MATERIAL FOR THE TASK:
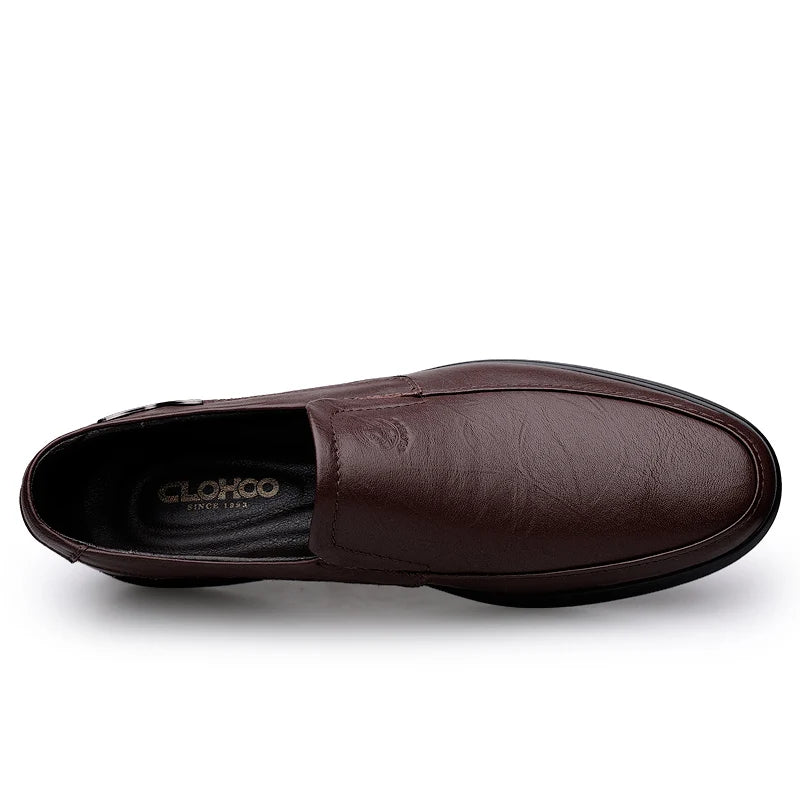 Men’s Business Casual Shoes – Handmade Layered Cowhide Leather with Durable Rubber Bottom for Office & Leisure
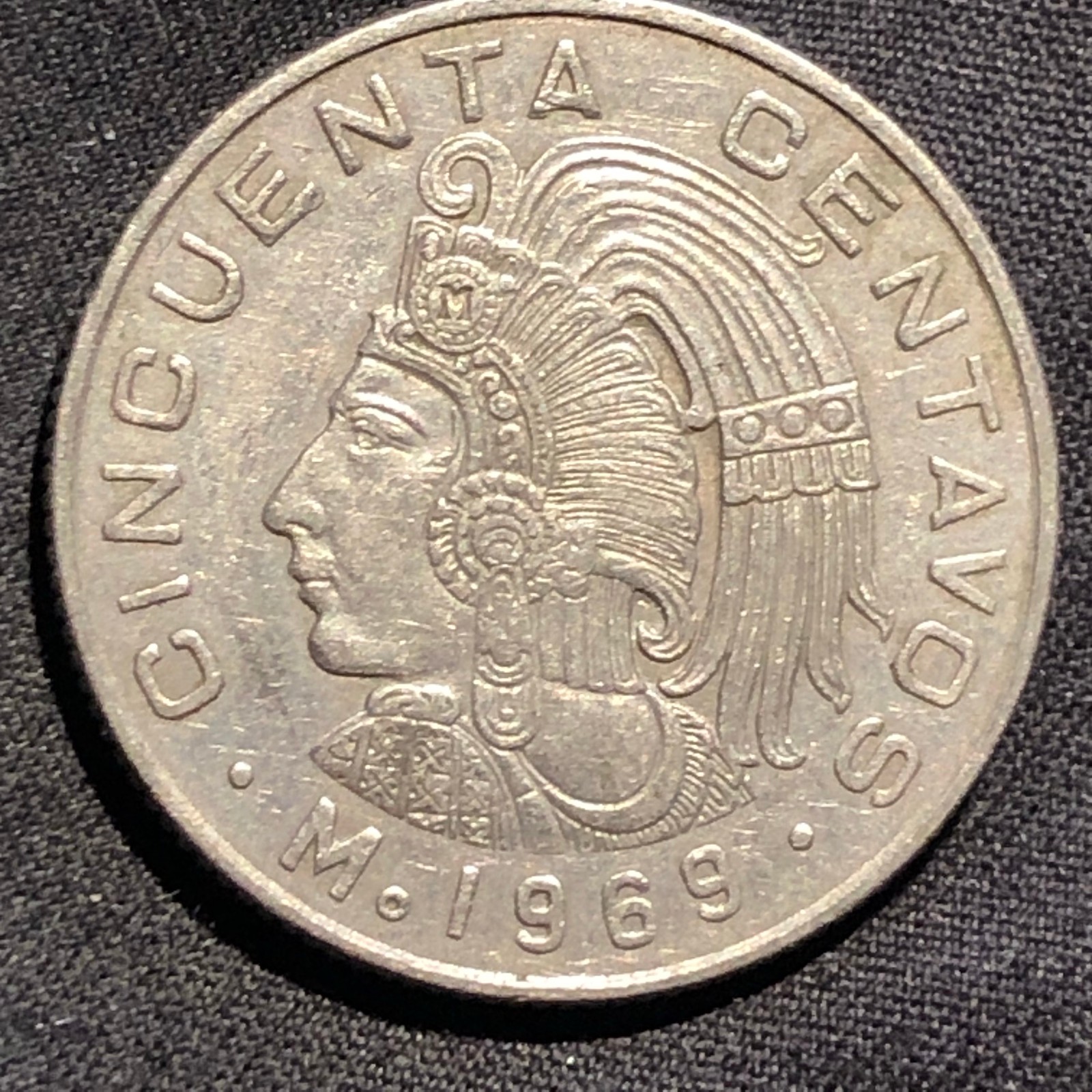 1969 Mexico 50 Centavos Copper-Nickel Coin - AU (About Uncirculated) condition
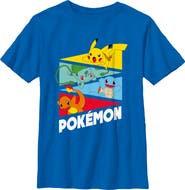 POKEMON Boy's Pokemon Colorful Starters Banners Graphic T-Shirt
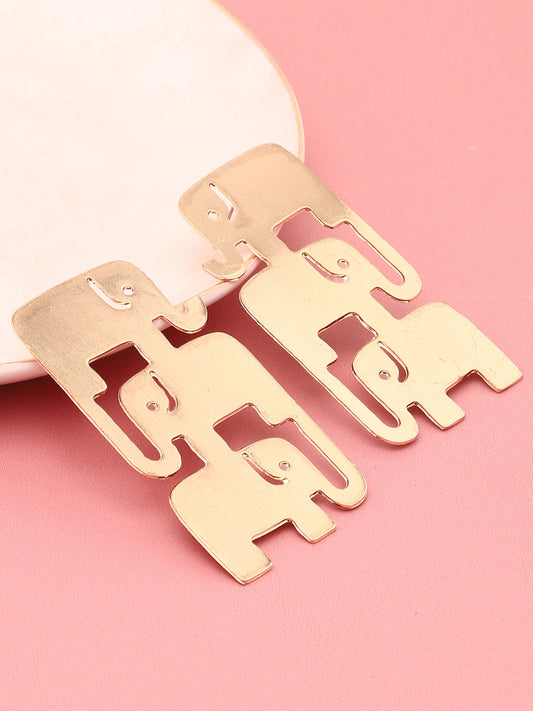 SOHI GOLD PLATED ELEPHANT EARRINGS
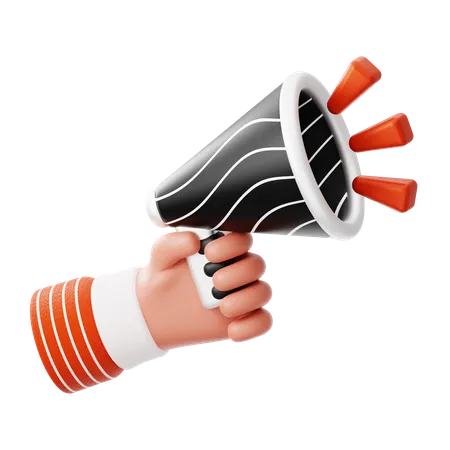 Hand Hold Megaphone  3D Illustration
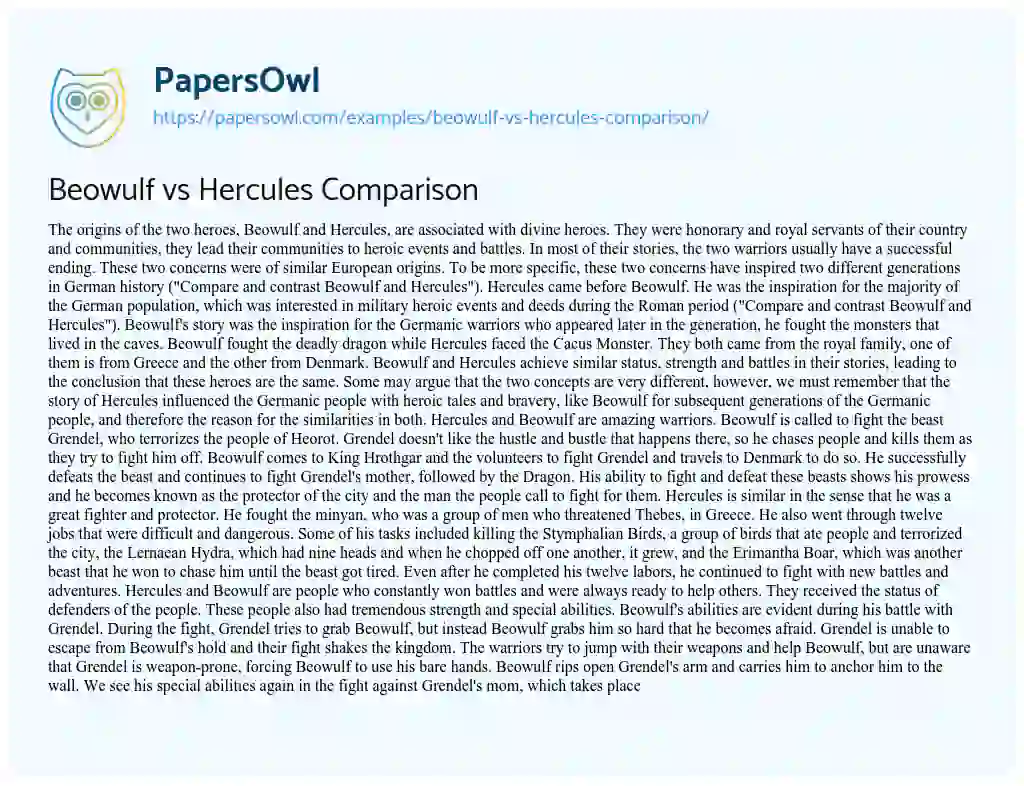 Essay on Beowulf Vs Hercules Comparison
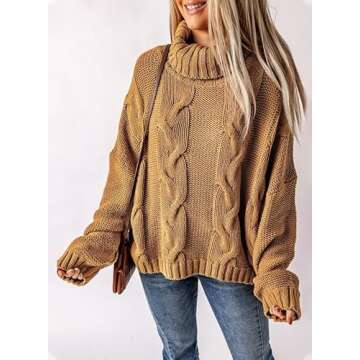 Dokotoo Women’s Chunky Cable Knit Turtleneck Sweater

TASK INSTRUCTIONS: Beginning with the line containing "1969 Mexico 50" and ending with the last line of the listing above, output those lines exactly as written, without pictures.

SOLUTION FOR THIS TASK:
 1969 Mexico 50 Centavos Copper-Nickel Coin - AU (About Uncirculated) condition
 POKEMON Boy's Pokemon Colorful Starters Banners Graphic T-Shirt
 SOHI GOLD PLATED ELEPHANT EARRINGS
 Hand Hold Megaphone  3D Illustration
 Essay on Beowulf Vs Hercules Comparison
 Dokotoo Women’s Chunky Cable Knit Turtleneck Sweater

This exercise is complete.